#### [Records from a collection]
--------------------------------

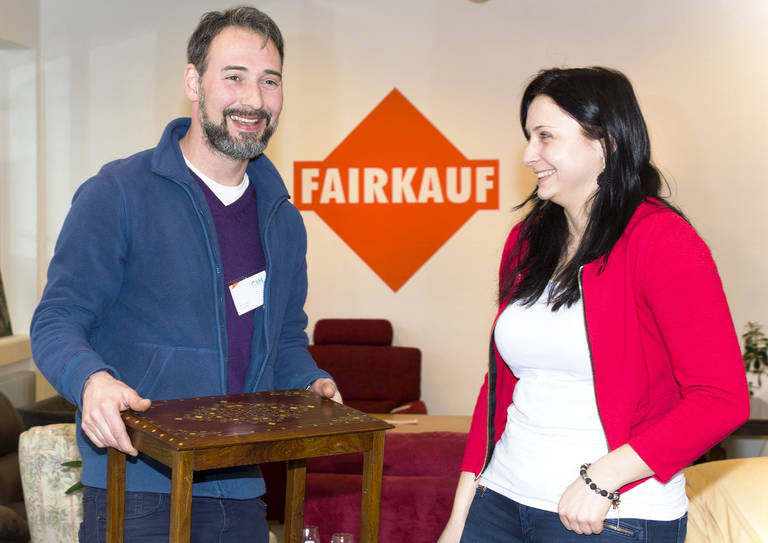 Für Store Manager Mario Luhm steht der Mensch an erster Stelle. Foto USE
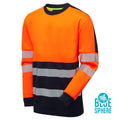 Hi-Vis Eco CottonCool 2-Tone Sweatshirt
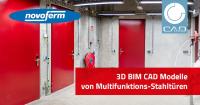3D BIM Katalog für Multifunktions-Stahltüren öffnet Novoferm Tür und Tor zur Digitalisierung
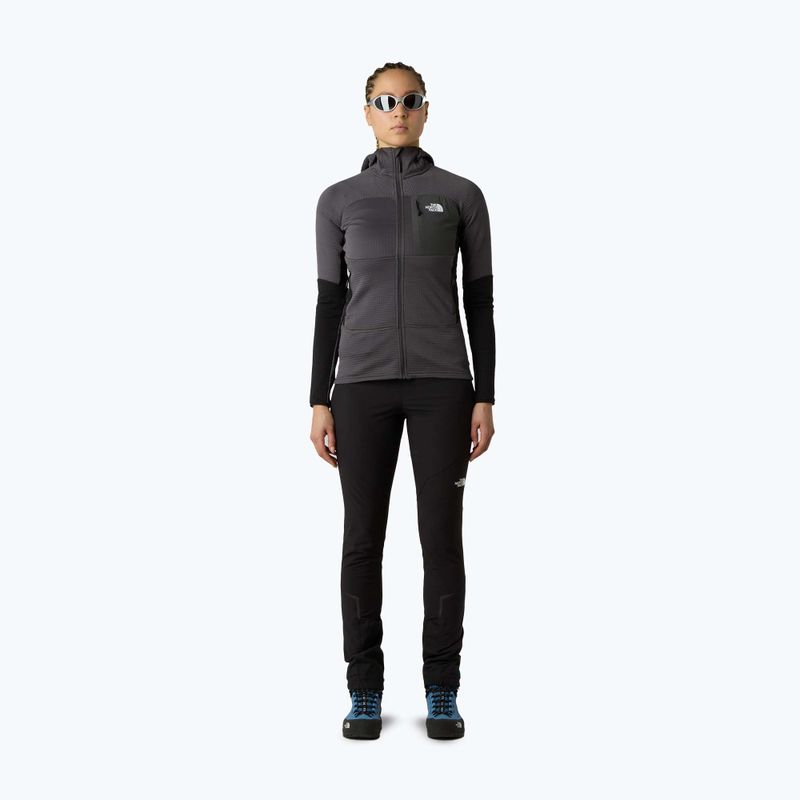 Дамски суитшърт The North Face Polartec Powergrid Stormgap Hoodie anthracite grey/bla 2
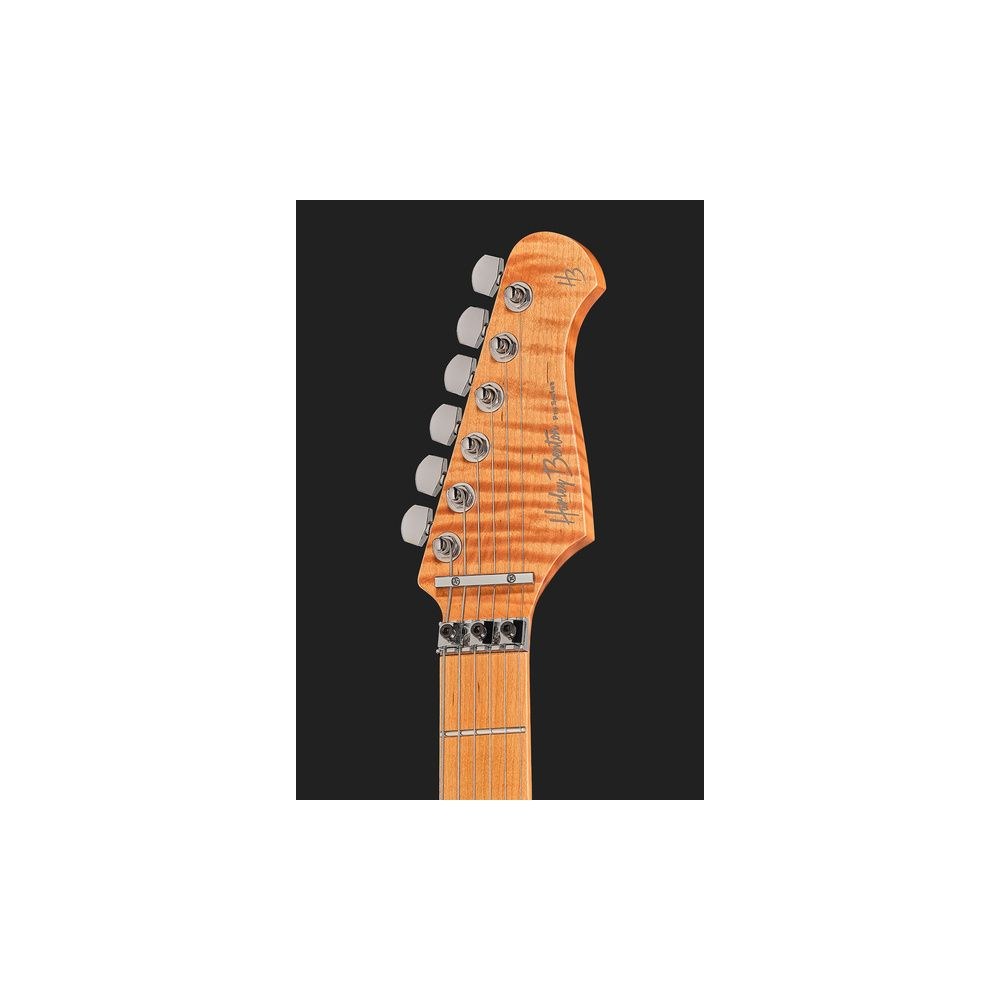 גיטרה חשמלית Harley Benton סופר-סטראט עם Floyd Rose – Tesla Plasma, ווליום וטון, שחור מבריק (יבוא בלעדי) 6 הסופר-סטראט השחורה עם הפלויד – גיטרה חשמלית, תמונה 6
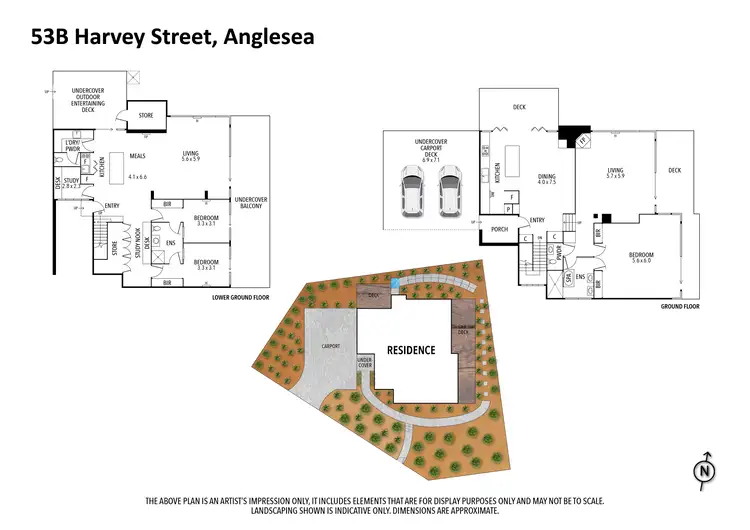 Floorplan of Homely house listing, 53B Harvey Street, Anglesea VIC 3230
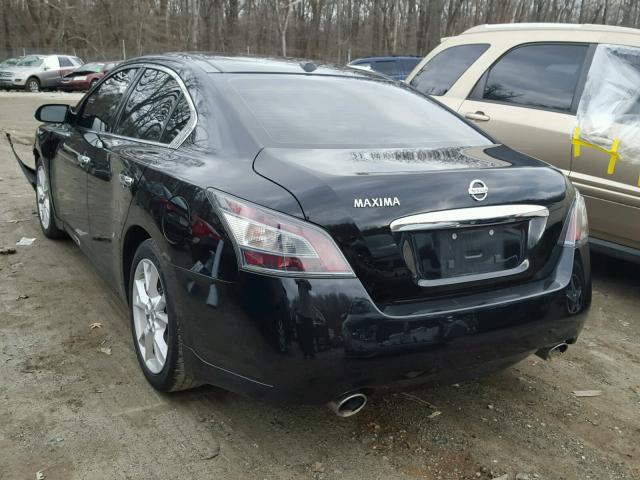 1N4AA5APXEC914598 - 2014 NISSAN MAXIMA S BLACK photo 3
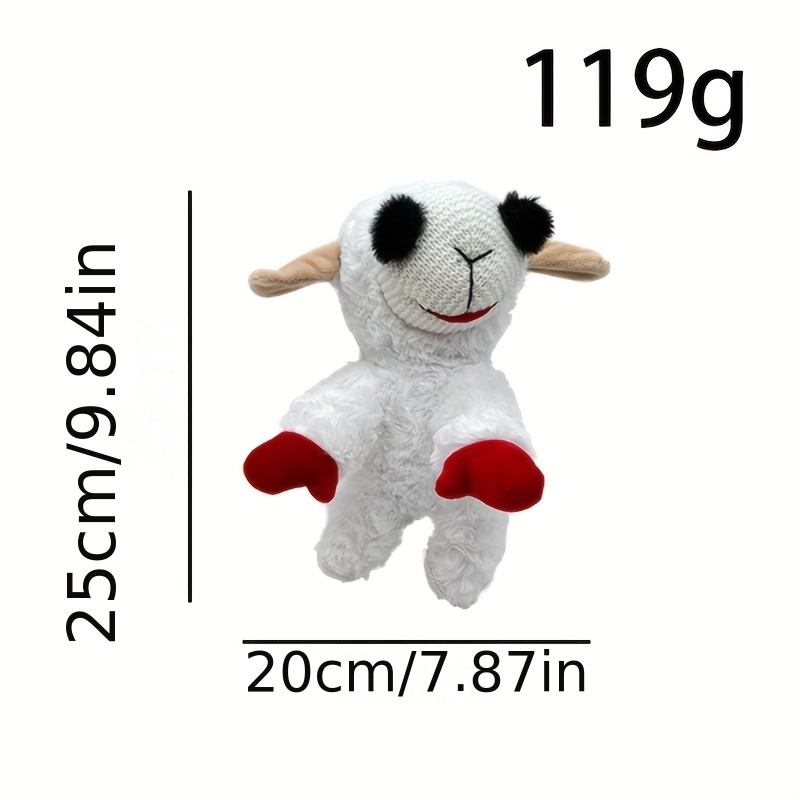 Multipet lamb chop plush dog outlet toy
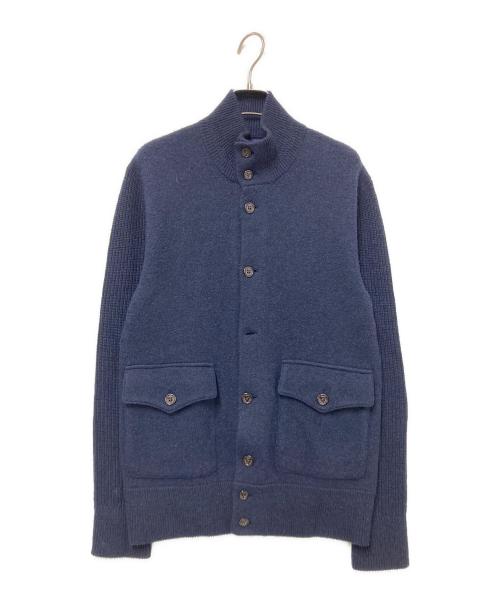 POLO RALPH LAUREN（ポロ・ラルフローレン）POLO RALPH LAUREN (ポロ・ラルフローレン) カシミヤ混ニットカーディガン ネイビー サイズ:XSの古着・服飾アイテム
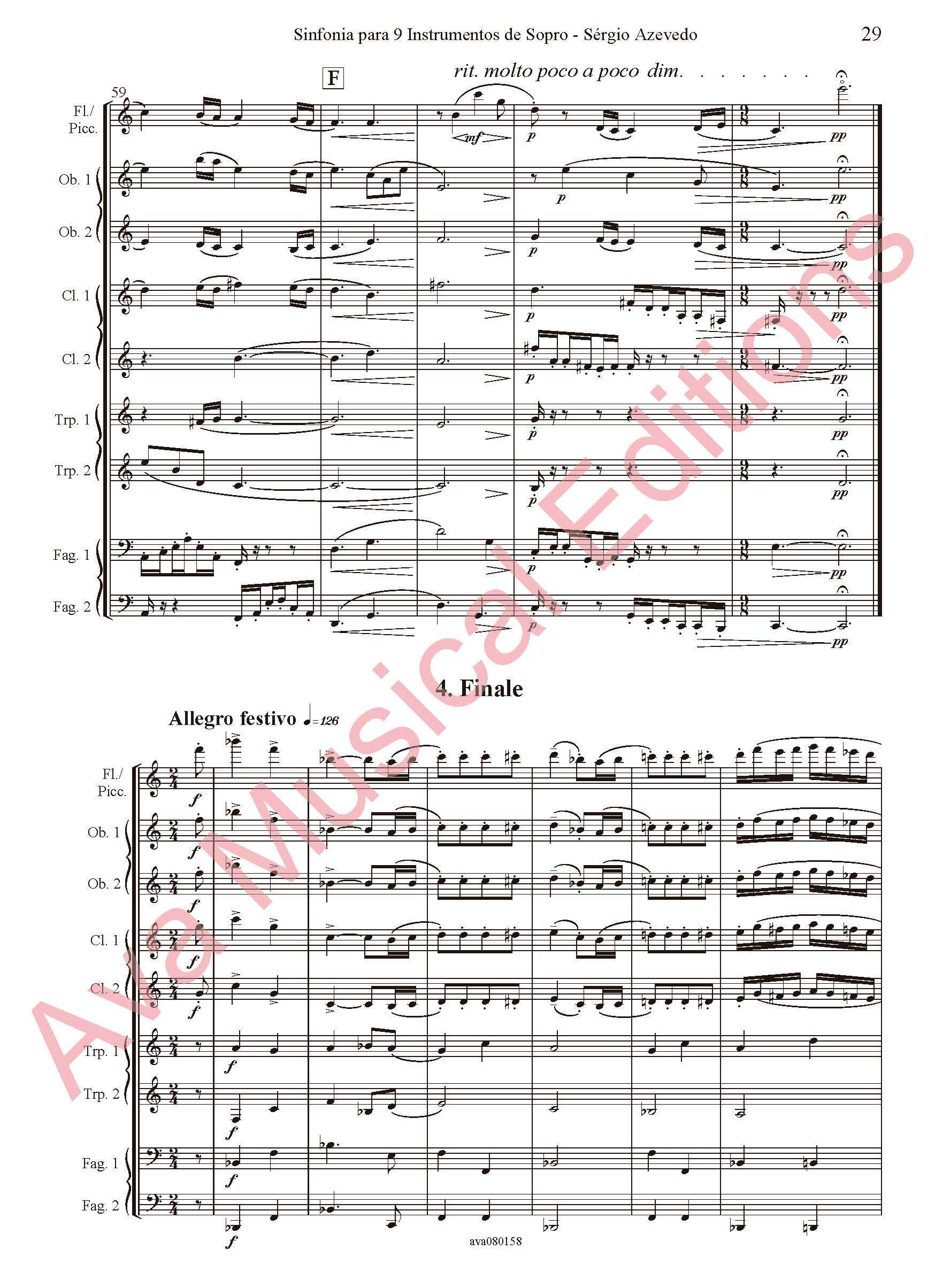 Sinfonia para 9 Instrumentos de Sopro - Image 6
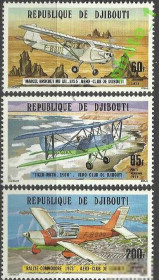 Джибуті Джибути ^/--/^ Джибути 1978 транспорт авиация 3 /--/ м. ^_^^^ Джибуті 1978 транспорт авіація 3 /--/ м. - фото фото фото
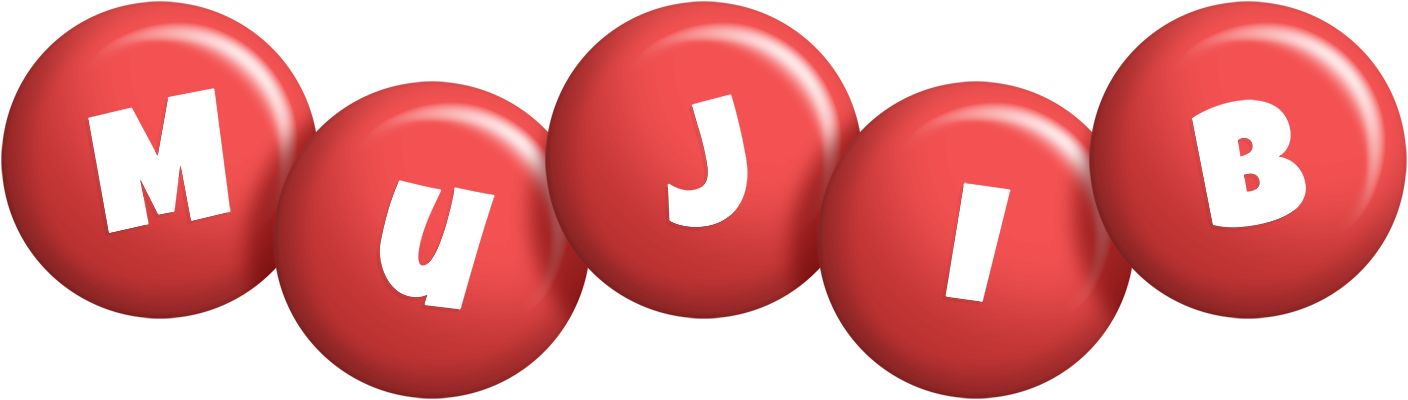 Mujib candy-red logo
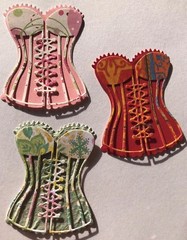 CORSET/BUSTIER Die-Cuts(6pc)2-1/4″x 2-3/4″Lingerie•Wedding•Stripper •Dancer•Bras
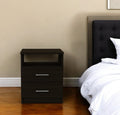 Wood Two Drawer Nightstand - 20-inch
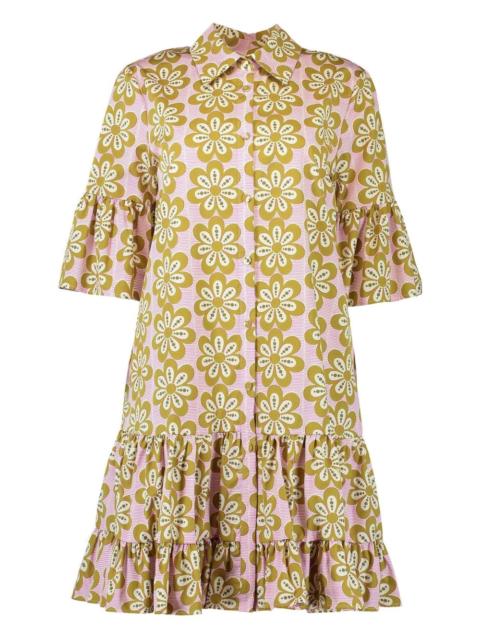 Choux floral tiered dress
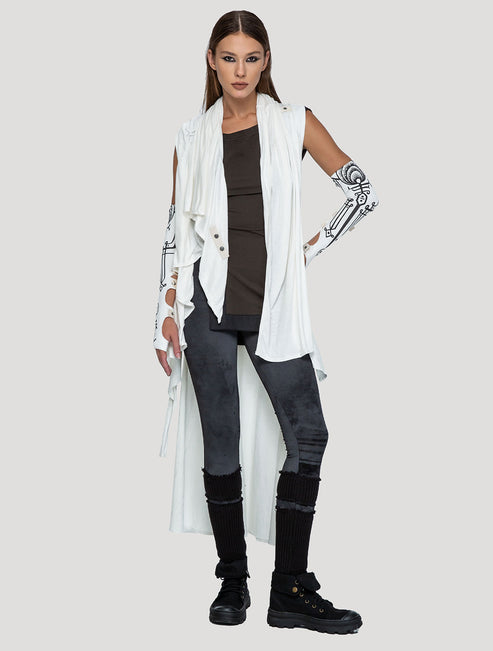 Om Hooded Long Kaftan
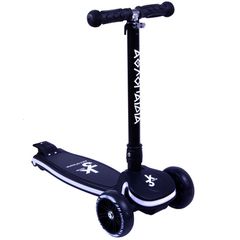 Simple Scooters 2024 ΑΘΛΟΠΑΙΔΙΑ 3τροχο Πατίνι (Scooter) αναδιπλούμενο με φωτιζόμενη βάση και ροδάκια – Μαύρο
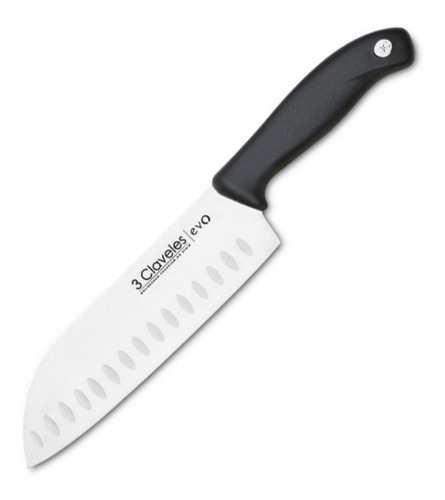 Cuchillo 3 Claveles Santoku Alveolado 18cm Acero Evo Chef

--------------------------------

#### [What you should do]
Only the lines from the one that contains "Choux floral tiered dress" through the last line of the records may appear in the answer, retyped exactly and with no pictures.

#### [Task answer]
 Choux floral tiered dress
 Om Hooded Long Kaftan
 Simple Scooters 2024 ΑΘΛΟΠΑΙΔΙΑ 3τροχο Πατίνι (Scooter) αναδιπλούμενο με φωτιζόμενη βάση και ροδάκια – Μαύρο
 Cuchillo 3 Claveles Santoku Alveolado 18cm Acero Evo Chef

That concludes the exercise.